:: PROVIDED MATERIAL

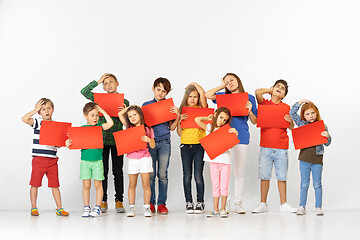 Image showing Group of children with red banners isolated in white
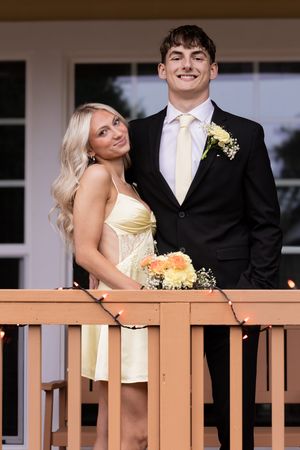 A couple in formal attire poses together on a wooden deck railing during what appears to be a prom or formal event.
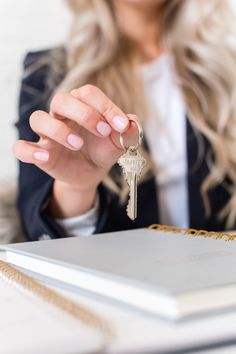 a woman holding a house key in her hand while sitting at a table with a book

::::

ACTIVITY: Images are to be skipped, and each line above is to be returned exactly.

SOLUTION TO THE EXERCISE:
 Image showing Group of children with red banners isolated in white
 A couple in formal attire poses together on a wooden deck railing during what appears to be a prom or formal event.
 a woman holding a house key in her hand while sitting at a table with a book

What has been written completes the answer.